We begin at the end of a battle 65 million years ago, in the Earth’s Cenozoic Era. The incongruous melding of cool fantasy and baffling dorkiness that has always been this property’s Achilles heel comes to light as two latex-clad warriors fight ferociously while speaking a language whose subtitles are in the font of a fantasy computer game. One of the grapplers is named Zordon, which puts him right at home in a story like this. Zordon’s opponent is named … Rita. Rita Repulsa, we later learn.

But never mind them for now.
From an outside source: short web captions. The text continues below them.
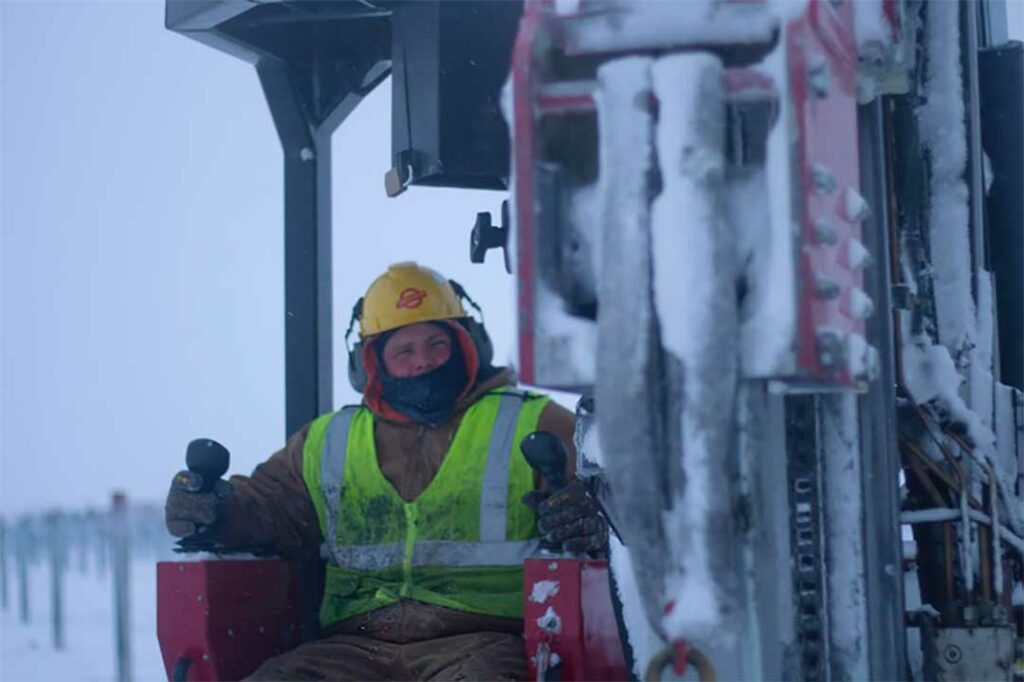 Operating Your Crane in Extreme Temperatures and Weather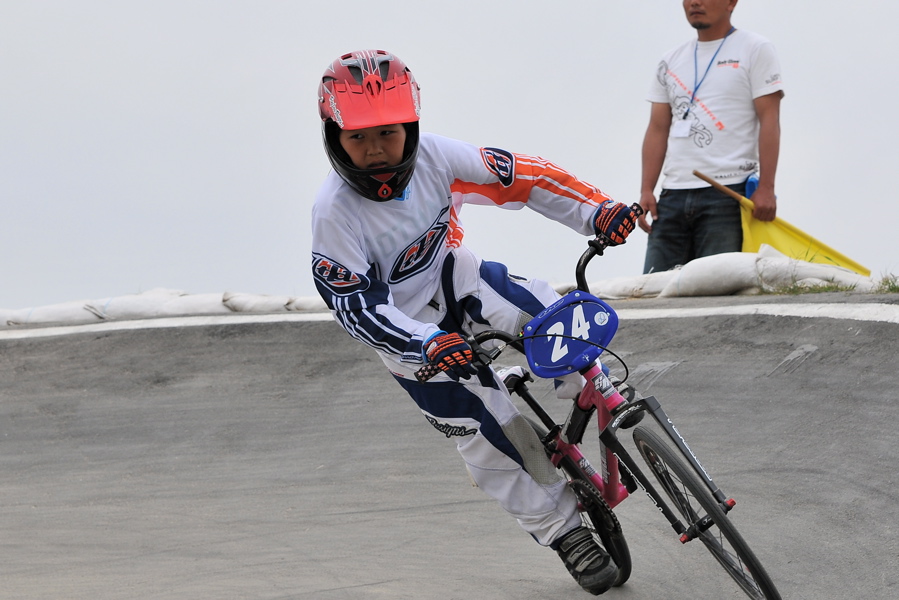 2009JBMXF全日本BMX選手権大会IN笠岡VOL４：ビギナー、ガールズ５〜１０才クラス決勝_b0065730_6195349.jpg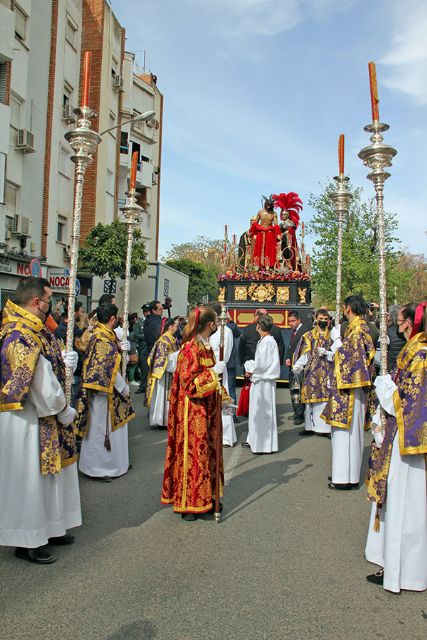 El Grupo de Fieles de Ntro. Padre Jesús de la Luz, María Stma de la Resignación y Santa Cruz, creada en un barrio Cofrade de Sevilla - 1, Foto 1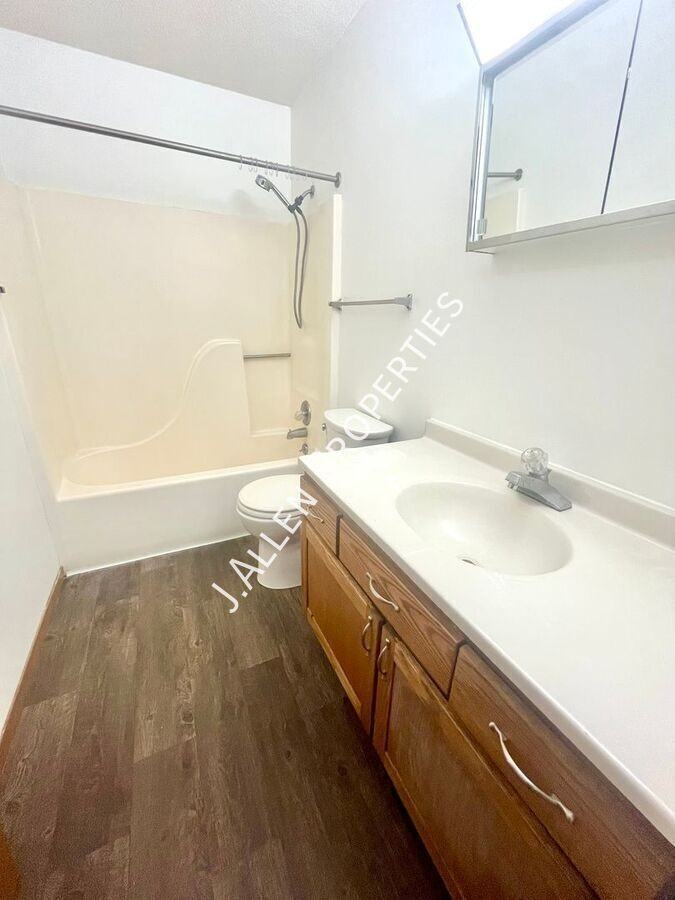 901 Syracuse Ave Bldg B #23 - Photo 4 of 4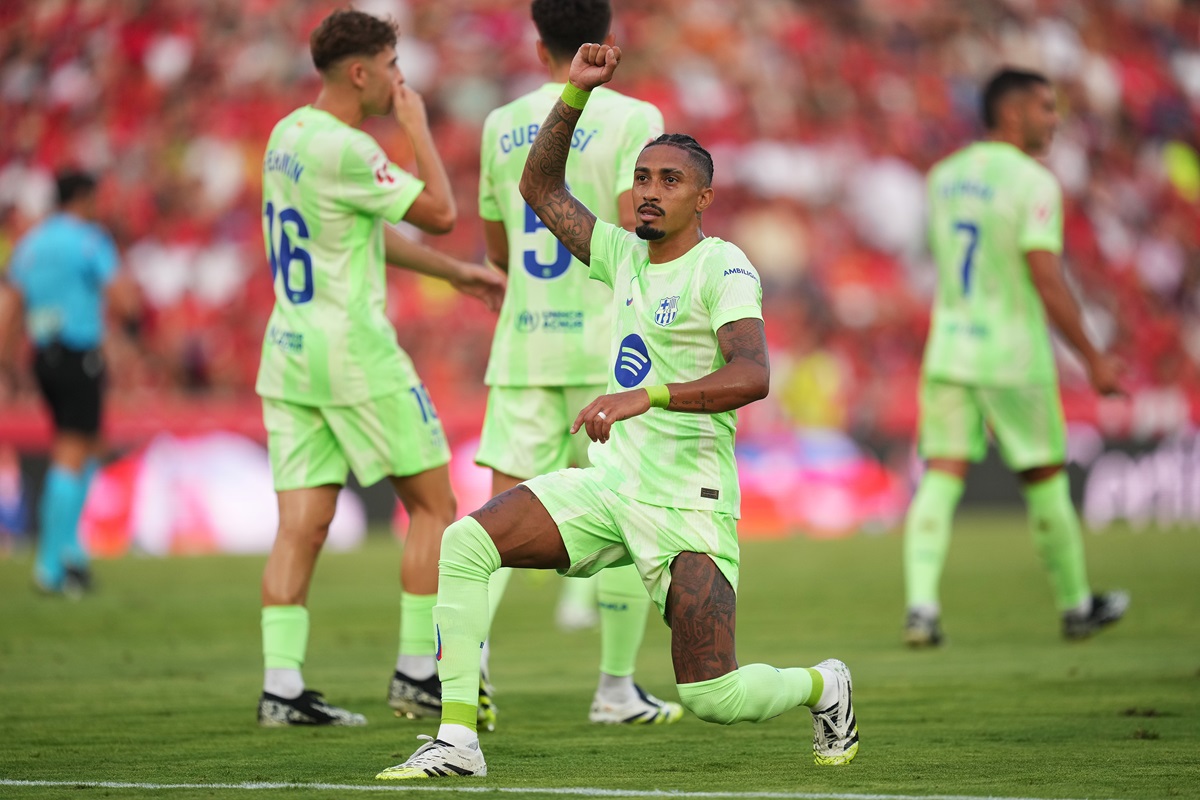 Por octava vez, un jugador brasileño marca el primer gol Culé de la temporada. Raphinha igualó a Romario, Rivaldo y Ronaldinho en Barcelona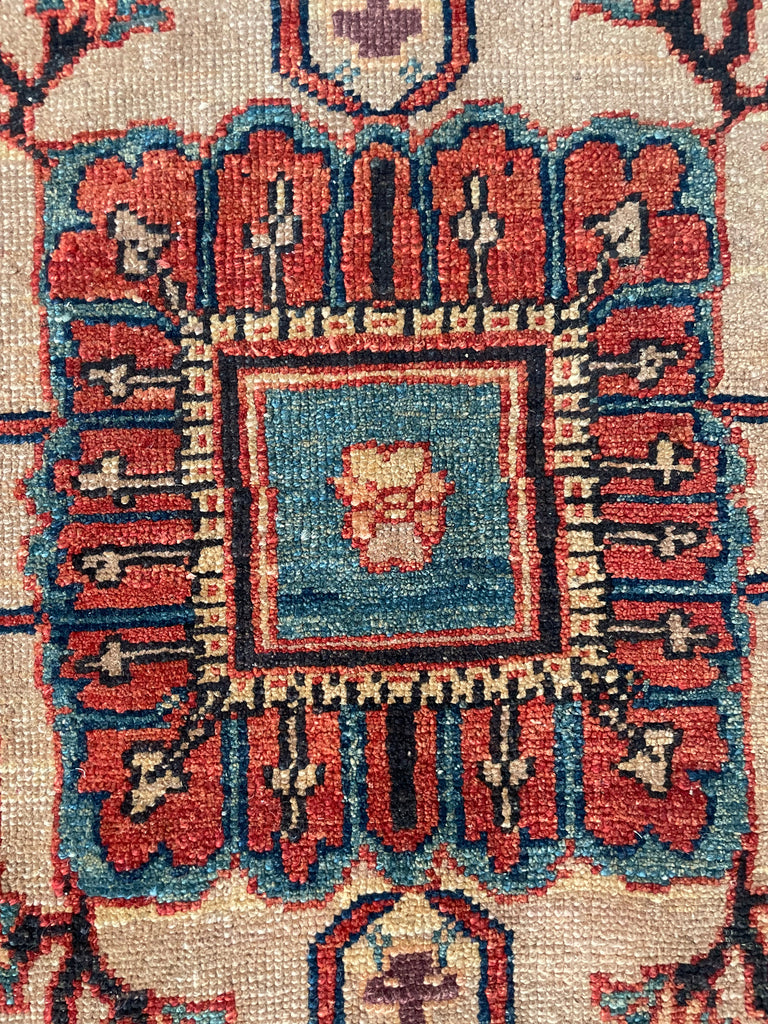 SOLD | ENORMOUS Palace Size Vintage Serapi Design | Decorative Rust, Aubergine Plum, Caramel, Apricot | 9.10 x 16.7
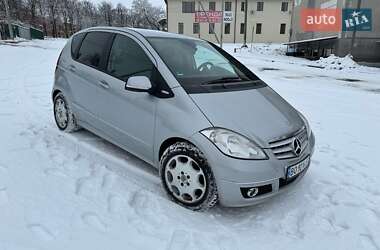 Хетчбек Mercedes-Benz A-Class 2010 в Новоукраїнці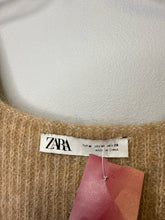 Load image into Gallery viewer, Womens Size M zara Shirt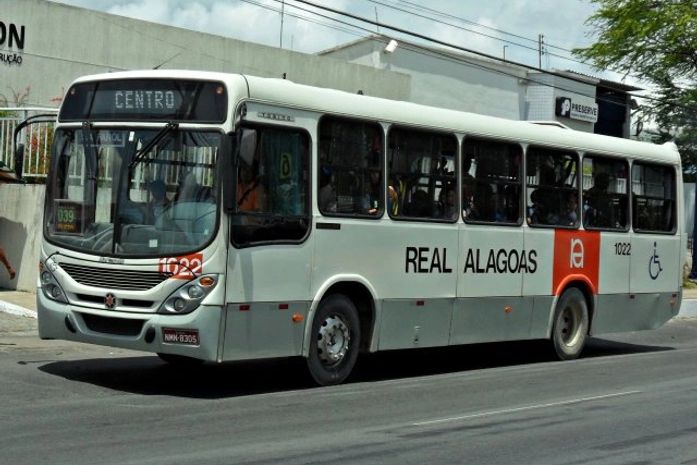 Menores são apreendidos em terminal de ônibus após assalto a coletivo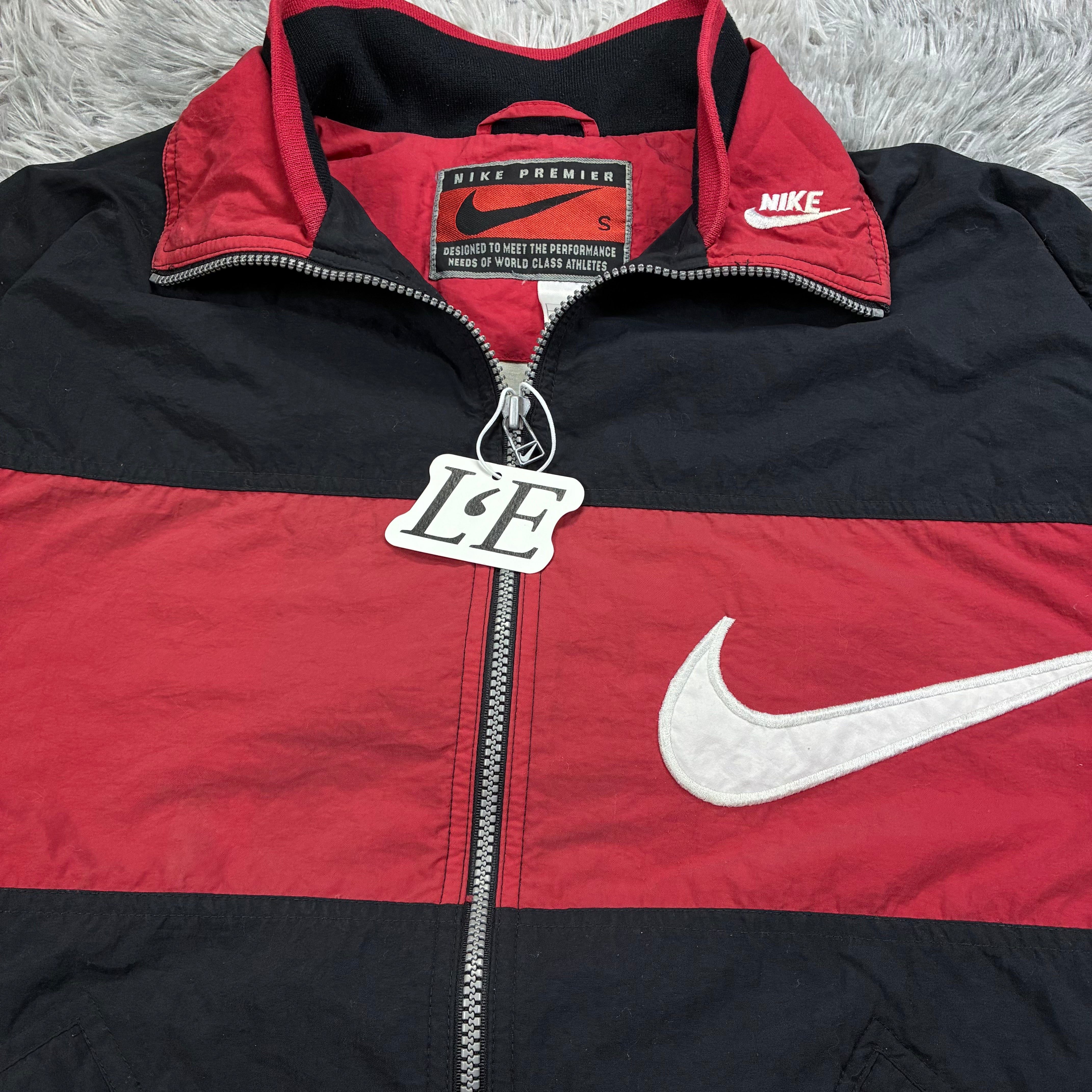 Nike Mens Vintage 90s  Big Logo, Center Log Jacket  Size S-M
In the present, in the all-American (actually Canadian) town of Angel Grove, we meet five high-school students representing your basic “Breakfast Club” types: Jason (Dacre Montgomery), the star quarterback who blew his chances with adolescent mischief; Kimberly (Naomi Scott), a newly disgraced cheerleader; Billy (RJ Cyler), an autistic science whiz; Zack (Ludi Lin), an unpredictable Asian-American wild man; and Trini (Becky G.), the lone wolf rebel.

These five, who attend the same school but don’t really know each other, become heroes primarily thanks to coincidence. One day they all happen to be in a canyon near their neighborhood, separately, when they all stumble upon ancient coins that give them super strength. (I am omitting some extraneous, nonsensical details, like how the coins aren’t activated until after the five are in a van that gets hit by a train, whereupon they all wake up, unharmed, in their beds at home, and the train thing is never explained. Or the fact that they only find the coins because Billy, acting on some vaguely referenced information from his departed father, blew up part of the mountain.) When they return to the canyon to test out their powers, the five accidentally fall into a submerged cavern where a friendly robot named Alpha 5 (voice of Bill Hader) introduces them to Zordon (Bryan Cranston), whose essence has been uploaded into the computer system of a spaceship that’s been hidden here for 65 million years. Zordon tells these five randos that since they found the coins, they must be the Power Rangers, whether they like it or not.

They mostly do not. Boy, you’ve never seen such a group of ungrateful teens as these newly invincible snowflakes who love having great power but grumpily refuse to accept great responsibility. Be part of a TEAM? With these STRANGERS? Harmonize our spirits so we can “morph” and gain EVEN GREATER POWER? Ugh, forget it. We’ll just keep the magic coins that give us super strength, thank you.

And so there is a lot of dickering and dissembling, ham-fistedly written (by John Gatins) and broadly, earnestly acted as the five half-heartedly try to unite by training with Alpha 5. Their ultimate purpose is to stop the evil Rita Repulsa (Elizabeth Banks, working for a living), now reanimated after her desiccated corpse was recently, coincidentally discovered by a fishing boat — indeed, by Jason’s father (David Denham), because why pay an additional actor for a small role when you can just have someone already on the set say the lines? Rita intends to build a monster out of gold and have that monster, whose name will be Goldar (obviously), retrieve some magic crystal that will destroy the Earth, etc. You know the routine. The crystal is currently buried under a Krispy Kreme, mentioned by name 475,000 times.

It may interest you to know that the film is 90 minutes old — 75% over — before the team finally morphs into their costumes and does the whole “Power Rangers” thing. These origin-story reboots do sometimes take a while to arrive, but we don’t mind if the time is spent developing interesting characters and building a world in which future stories can take place. That is not that case here. These 90 minutes are not a tight 90 minutes, and these teenagers, though likable enough, are not particularly compelling, their personalities somehow still unformed despite the film having spent so much time on them.

When it comes to world-building, the film chickens out on being a big-boy movie and does what lame kids’ movies do: let the outlandish or illogical details stand and hope the audience isn’t discerning enough to care. The director, Dean Israelite (“Project Almanac”), shows occasional stylistic flourishes, suggesting a desire for legitimacy. But the wide, flat dopiness of the screenplay prevents the movie from rising above its tween-centric class.

C (2 hrs., 4 min.; PG-13, fantasy violence and destruction, some crude humor, very mild profanity.)